── SUPPLIED DATA ──

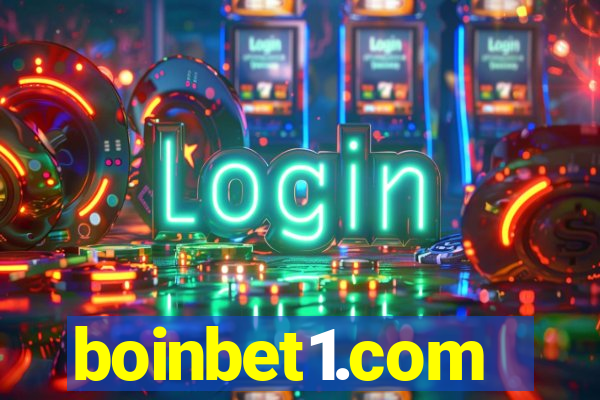 boinbet1.com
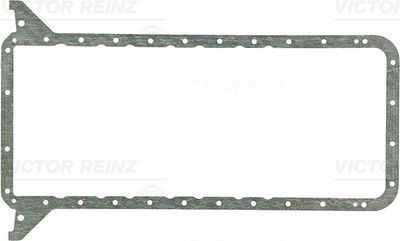 Gasket, oil sump VICTOR REINZ 71-31828-00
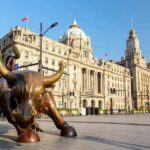 6-Hour Shanghai Layover Tour from Pudong Airport - Practical Details and What to Expect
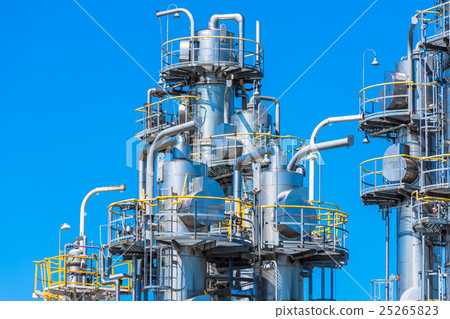 Factory Factory 25265823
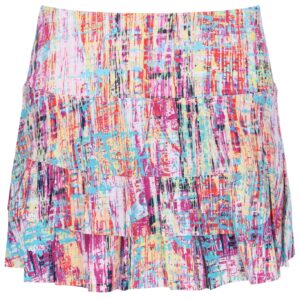 Alley Pleated Skort – UK 14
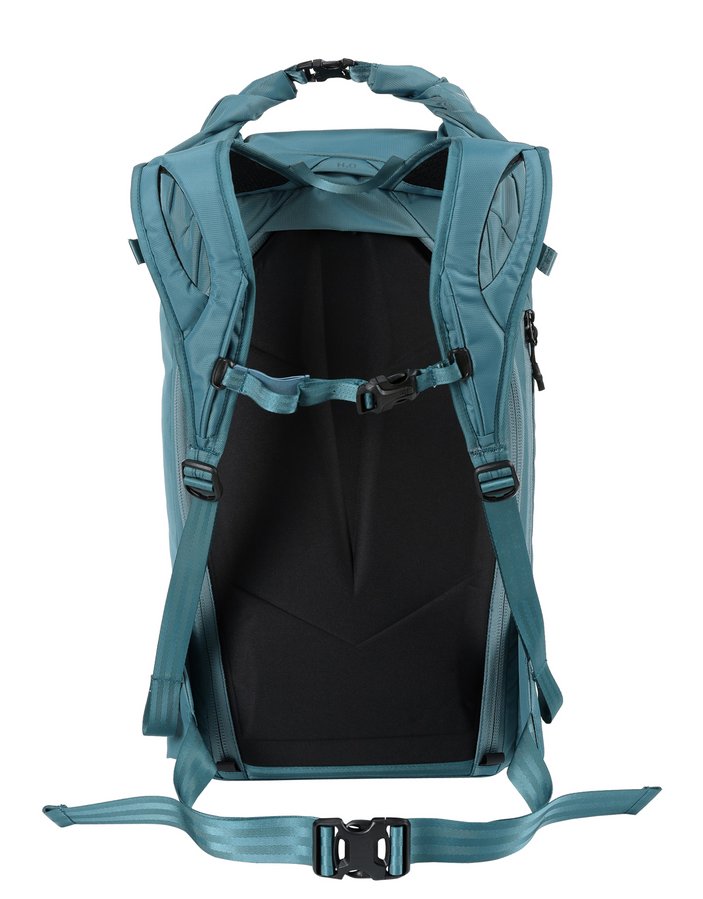 878091_113_splitpack_30_arctic_product_6_2670639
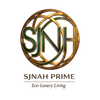 SJNAH Prime - Home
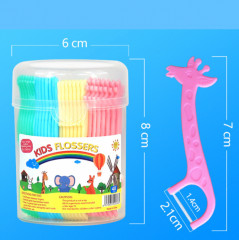 Набор флоссеров детских - Фото 2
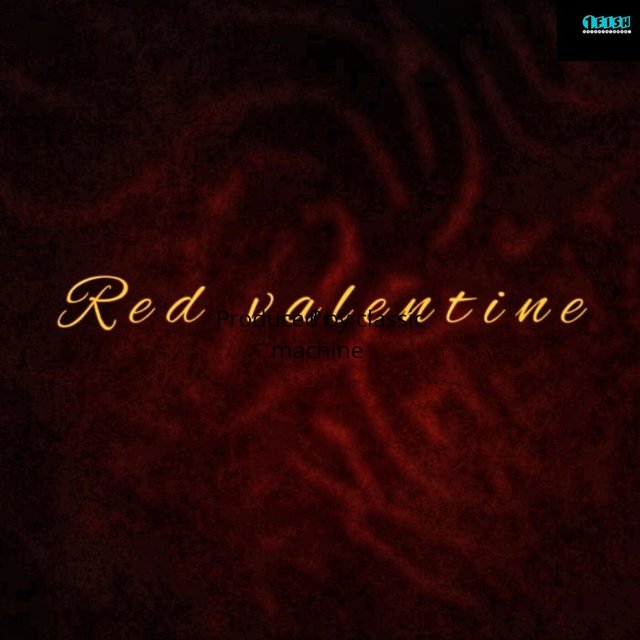 RED Valentine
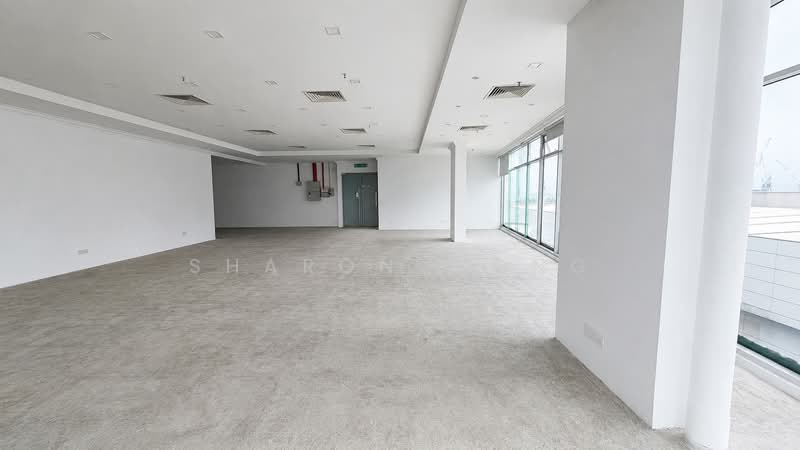Office for Rent in Gelugor (Penang) - Sharon Wong - Interior - PropertyGuru.com.my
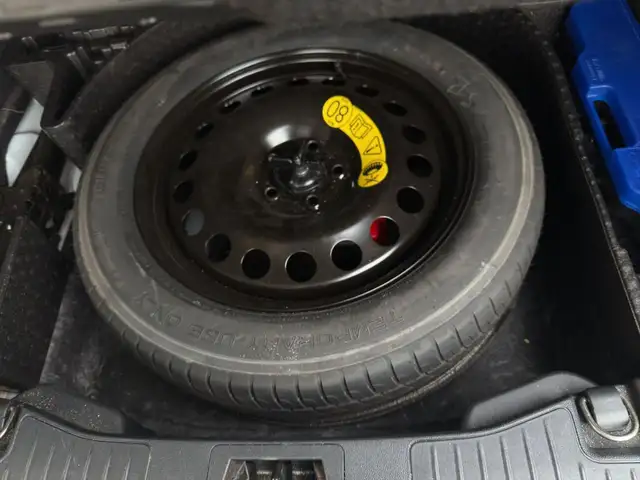 Ford Kuga view 12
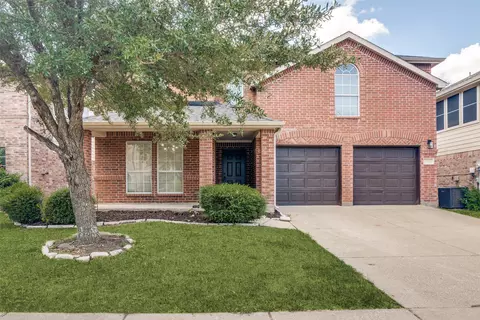 713 Hickory Ln, Rockwall, TX 75087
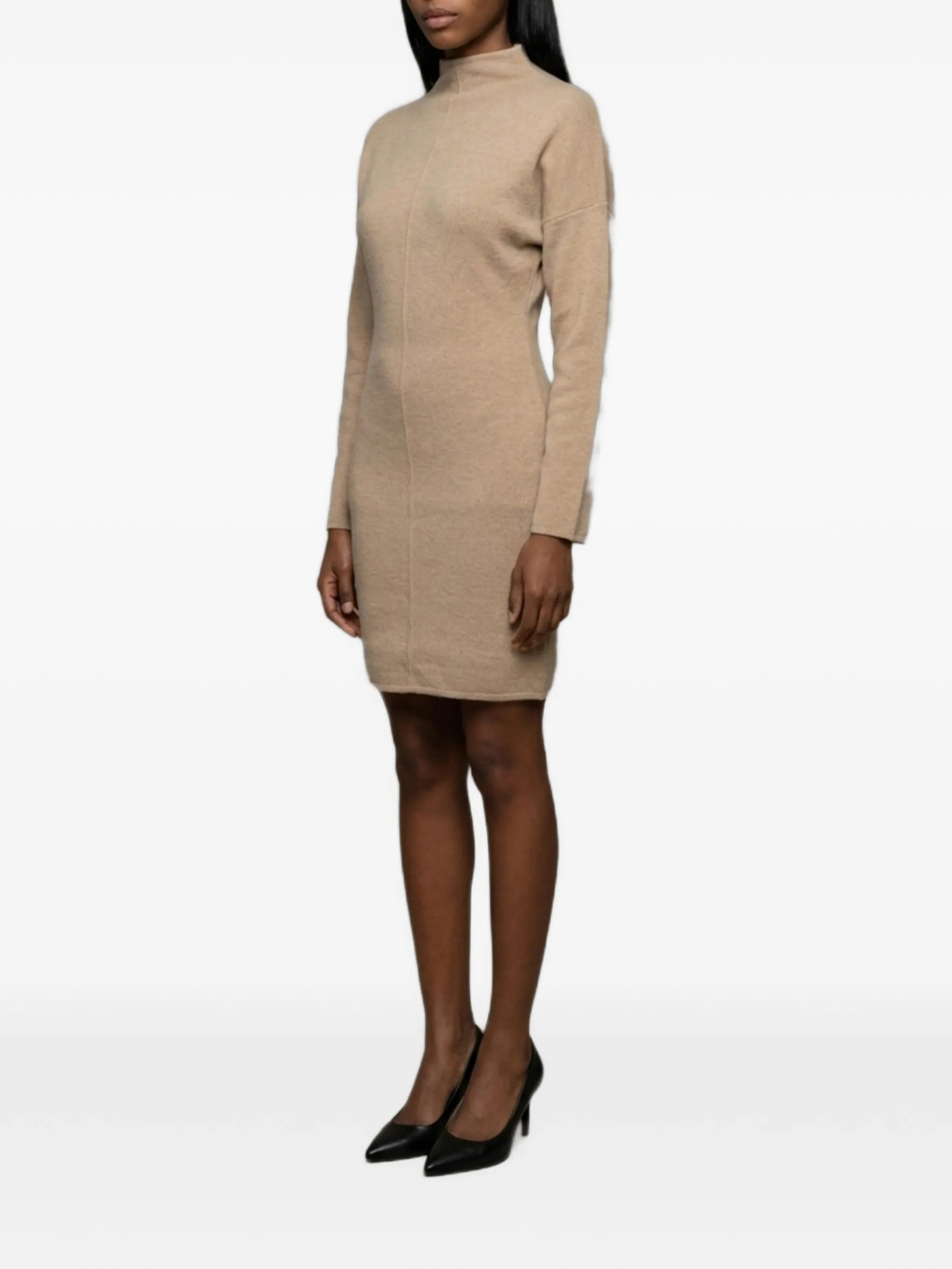 Max Mara Neutro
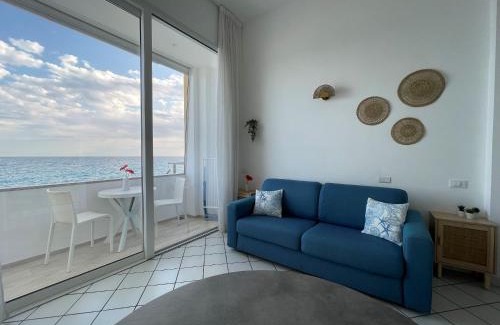 Varigotti Apartment | Residence Le Dune Club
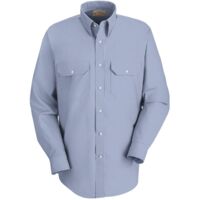 Men's Deluxe Uniform Shirt Thumbnail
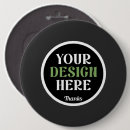 Search for team work buttons Birthday gift occasion photo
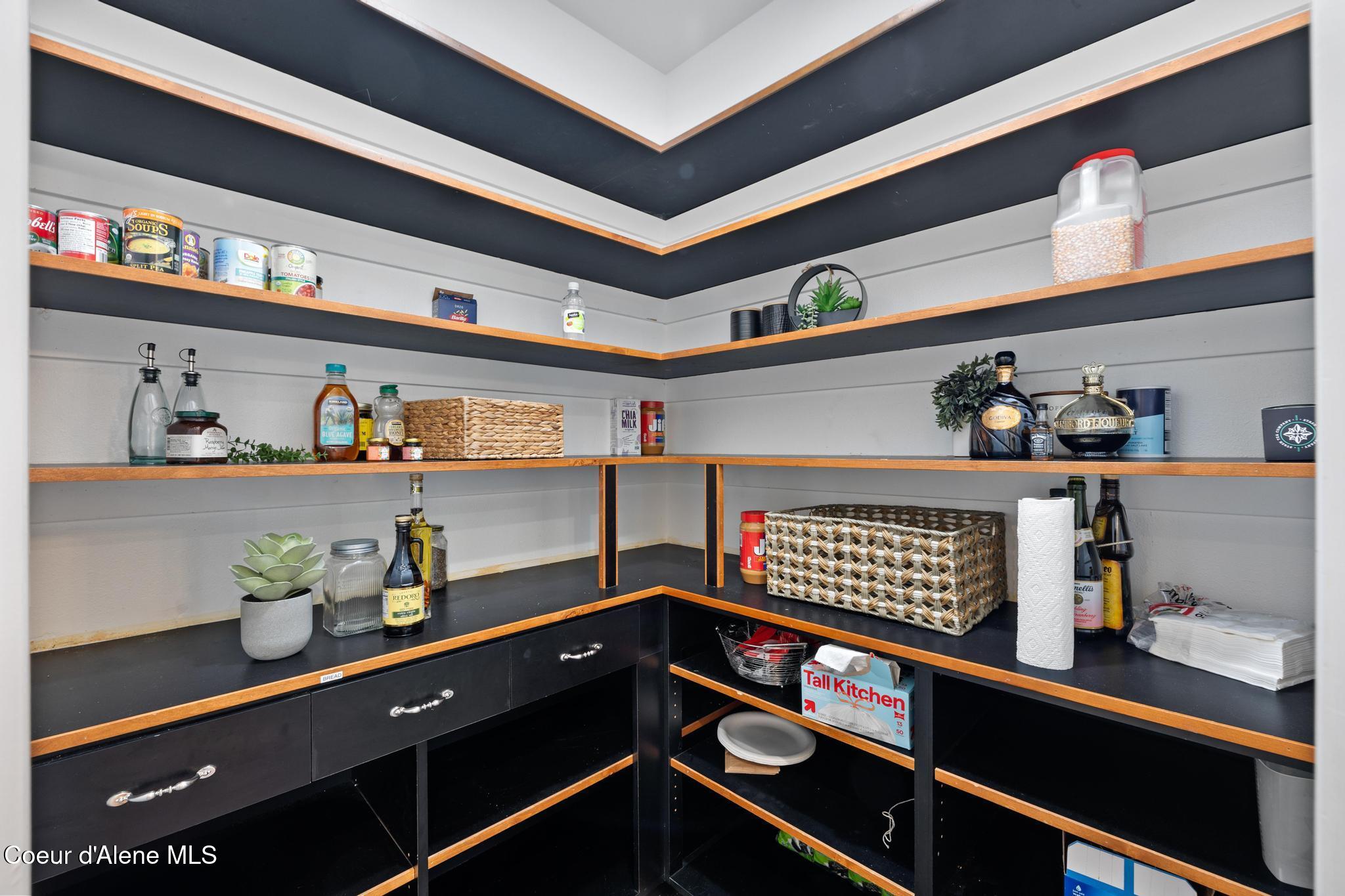 3825 East English Point Road Hayden, ID 83835 - Photo 27 of 67 English Point RD Photos18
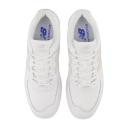 New Balance | Mens CT574 (White)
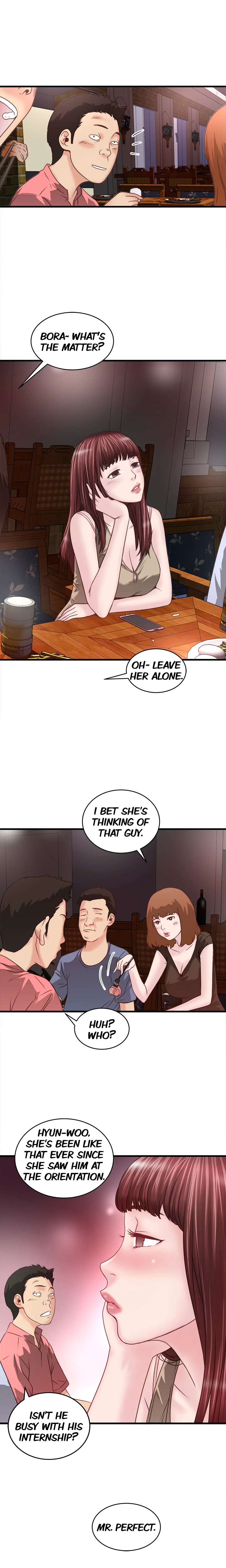 the-housemaid-chap-4-13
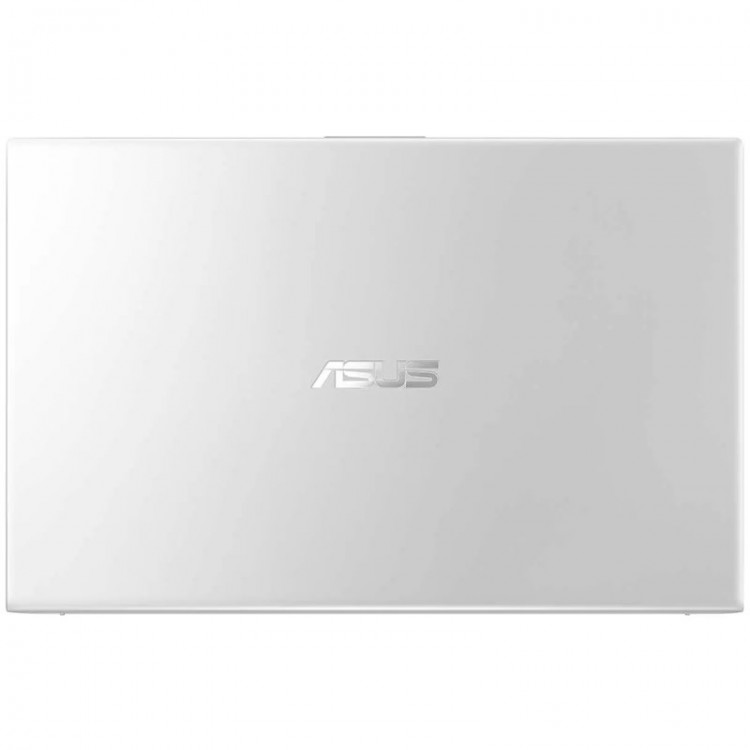 Ноутбук ASUS R565JA-BQ1407T (Intel Core i3 1005G1 1.2 ГГц/15.6"/1920x1080/RAM 8Gb/SSD 256Gb/Intel UHD Graphics/Win 10) Silver (Серебристрый) 4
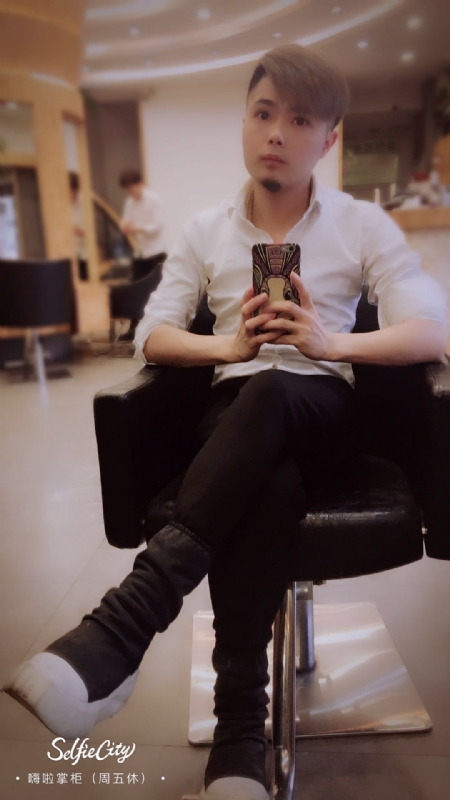 北北的第一张照片--湖南蓝颜知己交友网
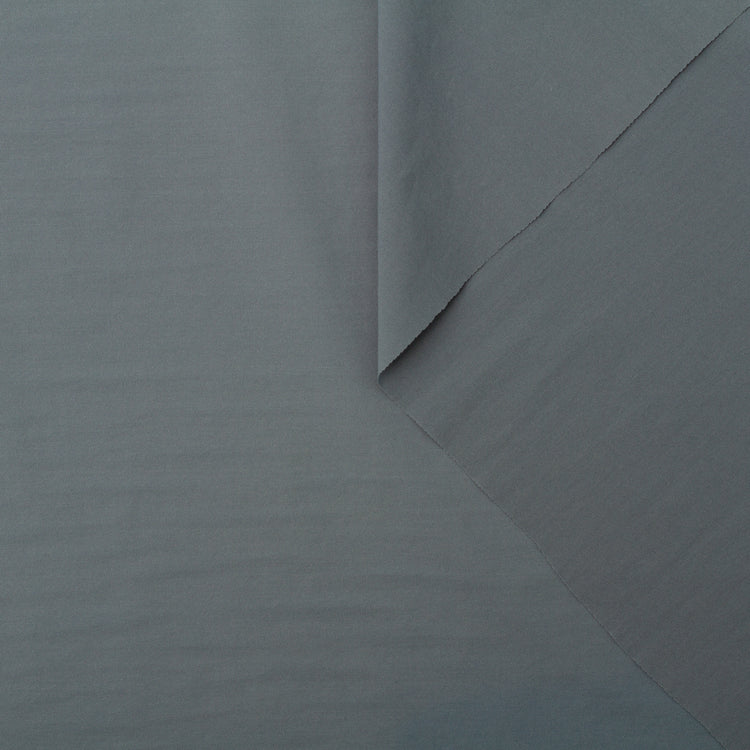 T22A01677 | Super Stretch Organza - view 1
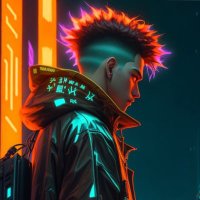 Rektor (@0xrektor) 's Twitter Profile Photo Rektor (@0xrektor) 's Twitter Profile Photo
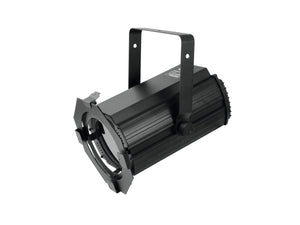 Eurolite LED THA-100F COB 3200K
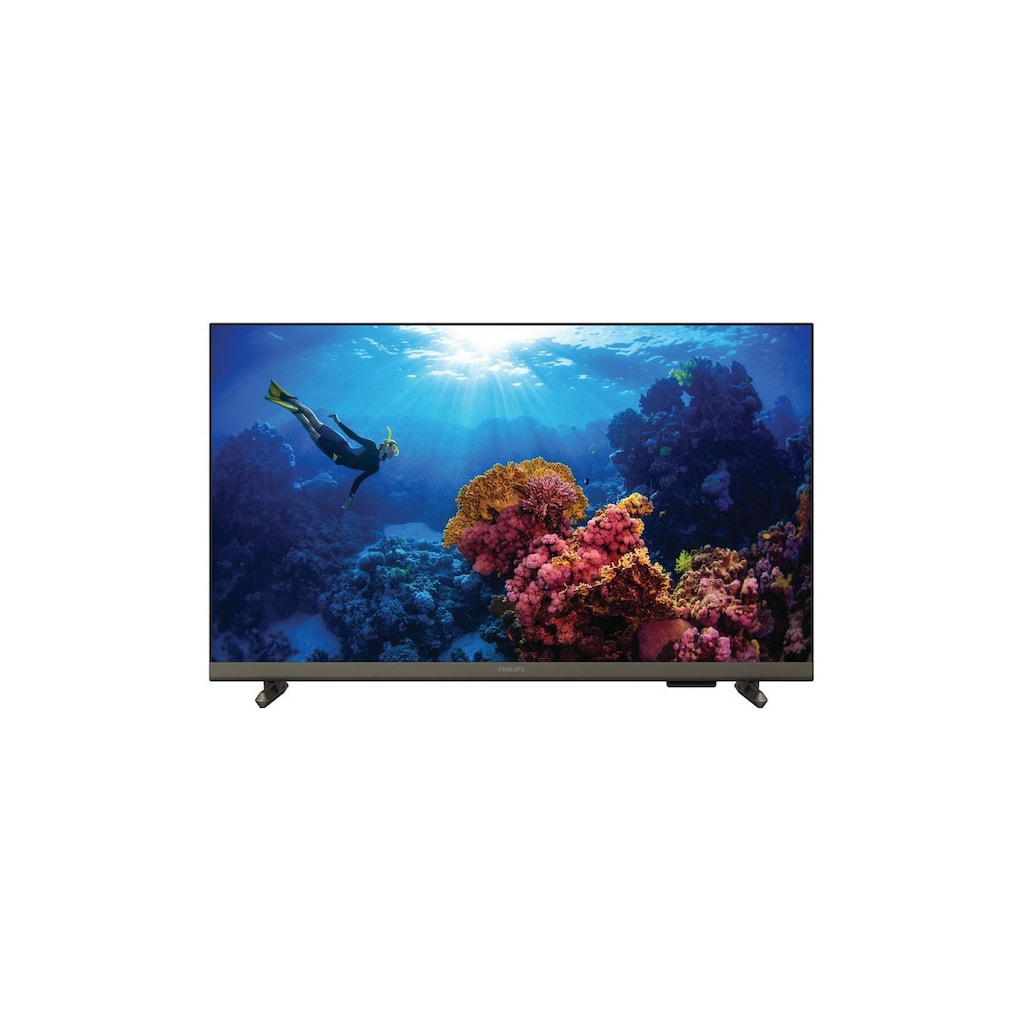 Philips LED-Fernseher »43PFS6808/12 43«, 108,79 cm/43 Zoll, Full HD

───

▶ PROBLEM DESCRIPTION:
Give back exactly the lines above from the one with "713 Hickory Ln, Rockwall, TX 75087" through the one with "the-housemaid-chap-4-13", both included. Pictures don't belong in the copy.

▶ RESPONSE TO THIS TASK:
 713 Hickory Ln, Rockwall, TX 75087
 Max Mara Neutro
 Varigotti Apartment | Residence Le Dune Club
 Men's Deluxe Uniform Shirt Thumbnail
 Search for team work buttons Birthday gift occasion photo
 3825 East English Point Road Hayden, ID 83835 - Photo 27 of 67 English Point RD Photos18
 New Balance | Mens CT574 (White)
 the-housemaid-chap-4-13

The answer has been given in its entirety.